Autism Spectrum Disorder: What does it feel like to have autism?
Autism spectrum disorder (ASD) is a developmental disorder that makes it hard to interact with people and can be hard to deal with. Learn more about ASD, its symptoms, causes and complications.
- Autism spectrum disorder (ASD) includes a broad range of conditions that causes repetitive behaviors and affects social communication.
- People with ASD are born with this condition. And while experts are not sure what causes it, they believe that biological, environmental, and genetic factors play a role.
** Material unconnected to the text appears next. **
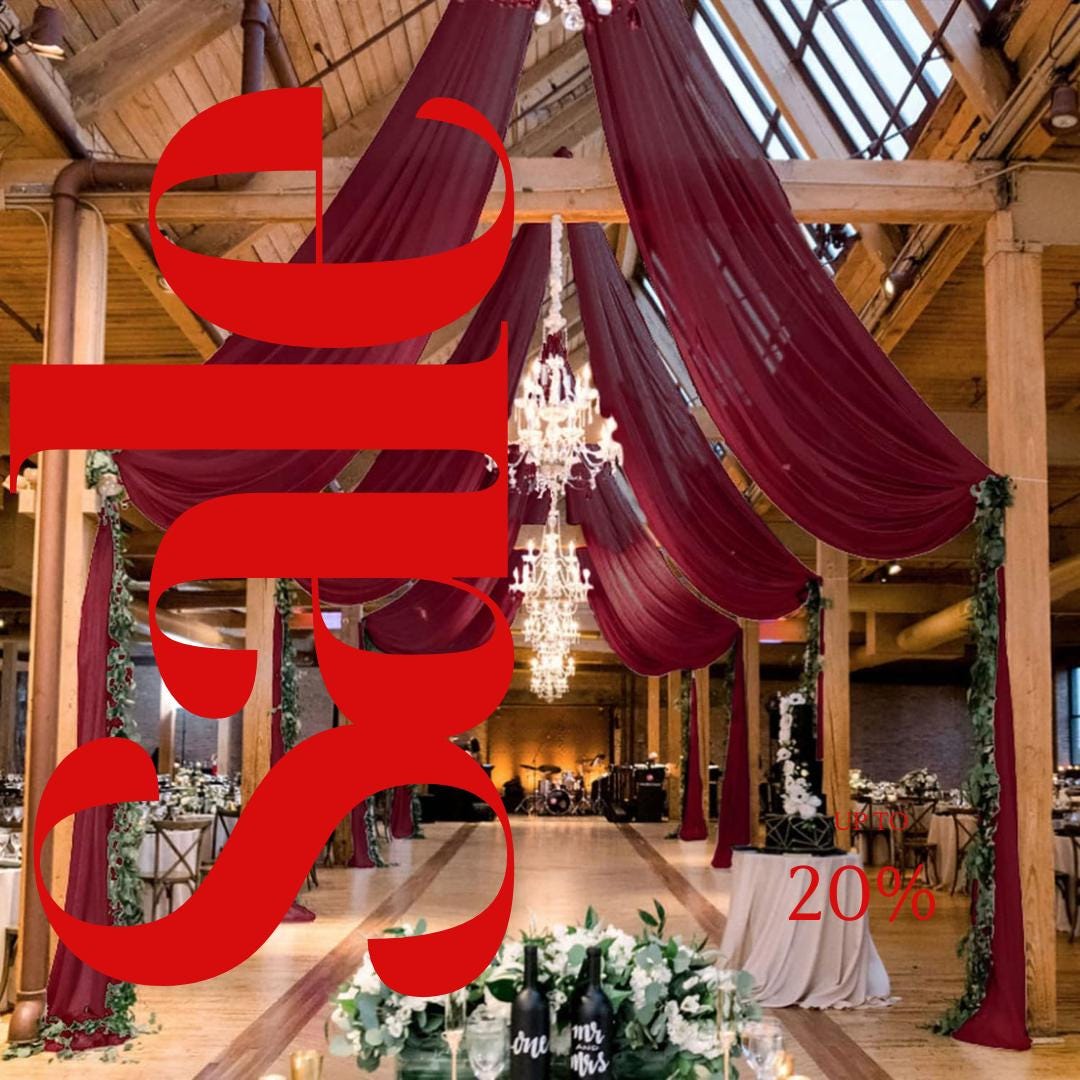 BURGUNDY - 6 Panels Ceiling Drapes for Wedding 5ftx21ft Sheer Drapery Chiffon Fabric Arch Draping for Party Ceremony Birthday Baby Shower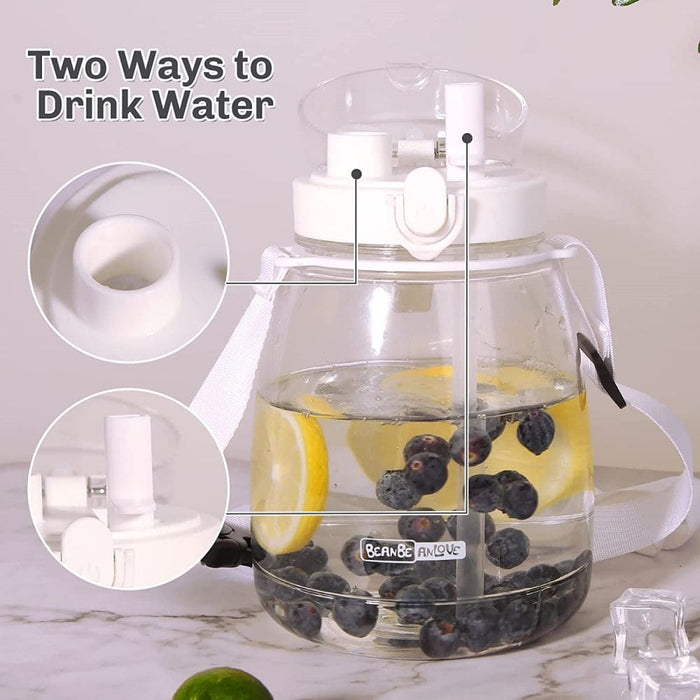 Clear Large Water Bottle Jug with Adjustable Shoulder Strap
- ASD can cause some complications, especially if untreated. Complications of autism spectrum disorder include social isolation, inability to live independently, and being bullied.
ASD presents with different symptoms, and it can be challenging to live with this condition. Each person with ASD has a unique story and personal experience, which may be different from the experiences of others.
Also, living with a person with ASD can affect an individual or a family because it takes much effort, finance, and time. This can cause a lot of physical and emotional stress for a family. The Centers for Disease Control and Prevention suggests respite care for those with autism to give caregivers and family members the needed break.
While daily life is often not easy for people with ASD and their families, having access to the right information and finding helpful resources and services, such as the Individuals with Disabilities Education Act (IDEA), can help relieve stress and improve the quality of life.
This article will discuss what autism spectrum disorder means, its causes, risk factors, symptoms, diagnosis, complications, and possible preventive strategies.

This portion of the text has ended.